Crease Recovery and Wrinkle Resistance Testing
topic
Crease recovery testing (ISO 2313, AATCC 66) measures the ability of a fabric to return to its original flat form after being folded and compressed — the functional property addressed by easy-care and wrinkle-resistant fabric finishing for cotton and viscose garments. ISO 2313 procedure: 40 mm × 15 mm specimen folded along its 15 mm dimension, placed under 500 g weight for 60 ±5 seconds in standard atmosphere (20°C, 65% RH), then transferred to recovery measuring device where free end is held vertically and recovery angle measured after 5 minutes (ISO 2313 5-minute method) or 30 seconds (BS rapid recovery). Crease recovery angle (CRA): pure cotton ring-spun woven (unfinished) 90–130° warp, 80–120° weft (low recovery — wrinkles easily); resin-finished cotton (DMDHEU, 5–8% owf): 140–170° warp + weft (improved but reduced tensile 20–30%); polyester-cotton 65/35 blend: 135–160° (polyester elastic recovery improves blend CRA by 25–40%); 100% polyester: 170–190° (near-perfect recovery).

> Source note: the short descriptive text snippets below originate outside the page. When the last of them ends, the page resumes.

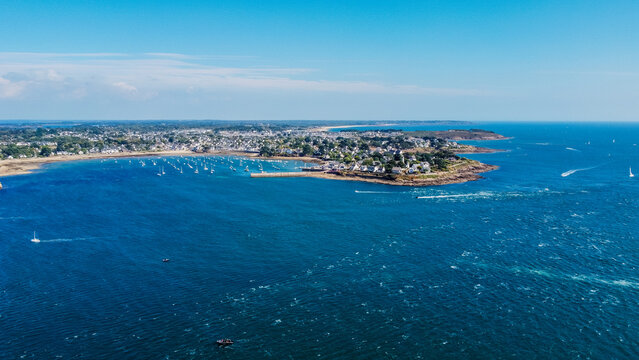 Aerial view of the Pointe de Kerpenhir at the entrance of the Gulf of Morbihan in Brittany, France - Port Navalo seaside village as seen from across the strait on a windy but sunny day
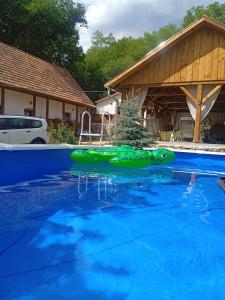 The swimming pool at or close to Kiscsermely Vendégház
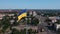 Huge flagpole in the city. Opening ceremony aerial shot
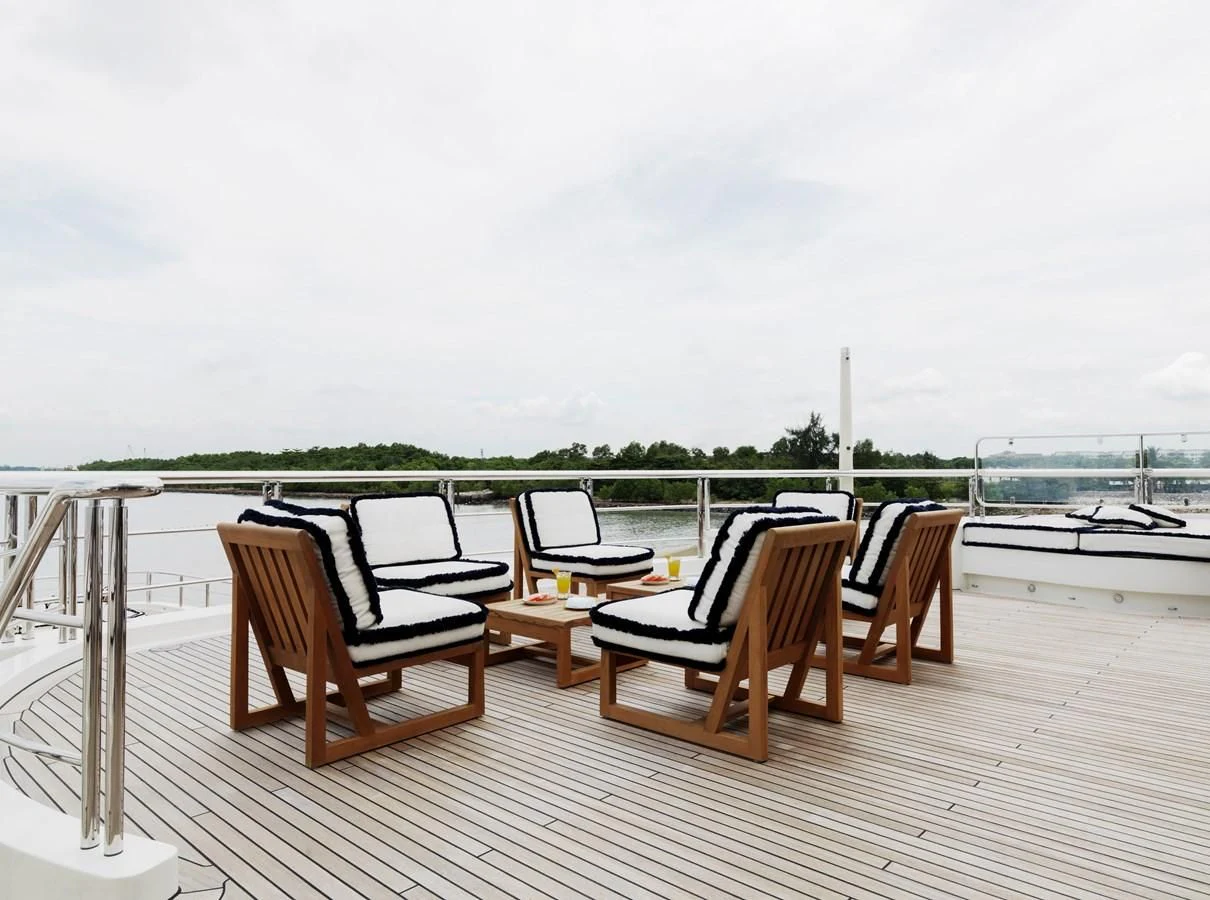 a deck with chairs and a table on it aboard DRAAK Yacht for Sale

Combined CRA (warp + weft total, 280–360° scale): specification for easy-care shirts ≥ 280° (EN ISO 2313); machine washable wool suiting ≥ 260°. AATCC 66 (Wrinkle Recovery Tester, fold under 2.27 kg weight, measure angle): widely used in North America — AATCC 66 results approximately 10–15° lower than ISO 2313 for equivalent fabrics due to different recovery time and load. 3D wrinkle appearance rating (AATCC 124, ISO 7768 — fabric after ISO 6330 machine wash, rated 1–5 against AATCC photographic standards under D65 illuminant): easy care minimum grade 3.5 for cotton shirting; durable press minimum grade 3.5 after 5 home launderings for label compliance.
Role
Crease recovery testing is the performance validation for easy-care and non-iron fabric finishing treatments — CRA below minimum specification indicates insufficient resin cross-linking level or inadequate cure conditions during stenter finishing, generating easy-care shirts that wrinkle after laundering and fail the brand's non-iron performance claim, causing consumer complaints and garment returns in the $15 billion global men's dress shirt market.